Znacie Katarzynę Enemuo? Miałam szczęście być na jej warsztatach z pieśni ukraińskich.
Jest artystką, antropolożką kultury, współzałożycielka Kapeli Jazgodki – jedynej polskiej kapeli programowo grającej w kuchni. Ma dwójkę dzieci, które wychowuje samodzielnie. Dlaczego o niej piszę w kontekście programu "Rodzina 500 plus"? Otóż Katarzyna Enemuo umieściła petycję na stronie Avaaz.org, w której domaga się od Beaty Mazurek, szefowej sejmowej komisji polityki społecznej i rodziny, by ustąpiła ze stanowiska w Sejmie i by publicznie przeprosiła. Oto, co zawarła w swojej petycji:

Szanowna Pani!
W odniesieniu do Pani wypowiedzi w sprawie dodatku 500+ dla samotnych matek (cytuję: „Zachęcała ją będę do tego, żeby spróbowała ustabilizować swoją sytuację rodzinną i mieć więcej dzieci, tak aby móc na to świadczenie się załapać.”) wyrażam swoje najgłębsze oburzenie. Nie wypowiadam się na temat Programu Rodzina 500+ – odnoszę się WYŁĄCZNIE do Pani wypowiedzi.

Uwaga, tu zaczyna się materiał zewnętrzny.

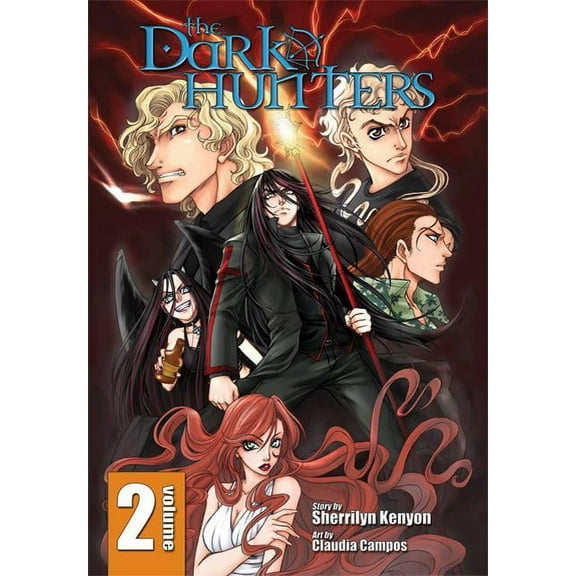 Dark-Hunter Manga The Dark-Hunters, Vol. 2, Book 2, (Paperback)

Pani wypowiedź jest niedopuszczalna i oburzająca z kilku względów.

Zobacz także
  • Po pierwsze odnosi się Pani do prywatnych spraw ludzi – które nie są i nie mogą być domeną urzędów.
  • Po drugie przeczy Pani samej idei pomocy – która powinna być kierowana do osób naprawdę potrzebujących – a w Pani ujęciu staje się polem manipulacji.
  • Po trzecie sugeruje Pani, że sytuacja rodzinna osób samotnie wychowujących dzieci jest z natury rzeczy niestabilna – czyli że są oni jakimś innym, gorszym rodzajem rodziców lub rodzin. I powinni „coś” ze sobą zrobić, to może rząd i im coś „odpali” (przypominam jednocześnie, że rząd pieniędzy nie posiada, że to wszystko są pieniądze nasze, obywateli, a także, że rodzice samotnie wychowujący dzieci na równi z innymi, lub nawet więcej niż inni, pracują - i płacą podatki). Sugeruje Pani również, że osoba samotnie wychowująca jedno dziecko jest obywatelem drugiej kategorii.
  • Po czwarte sugeruje Pani, że jedyną właściwą rzeczą, którą może zrobić kobieta samotnie wychowująca dziecko, to poszukać sobie męża (najlepiej – jak wynika z Pani wypowiedzi – nieroba, żeby nie podwyższył zbytnio dochodów rodziny) oraz urodzić więcej dzieci. To jest, proszę Pani, rażący seksizm i anachronizm. Tym bardziej dotkliwy, że wyartykułowany przez kobietę, w dodatku kobietę, której praca jest opłacana między innymi moich podatków.
  • W końcu - last but not least – nakłania Pani do myślenia patologicznego, do szukania sposobów na „załapywanie się” na urzędowe wsparcie, a także do myślenia o związku z drugim człowiekiem w kategoriach korzyści finansowych. Częścią ceremonii ślubnej są słowa wygłaszane przez urzędnika z Urzędu Stanu Cywilnego o tym, że małżeństwo to związek dwojga ludzi oparty na wzajemnym szacunku i miłości. Pani słowa zaś każą nam myśleć o związku jako o sposobie na zdobycie pomocy socjalnej.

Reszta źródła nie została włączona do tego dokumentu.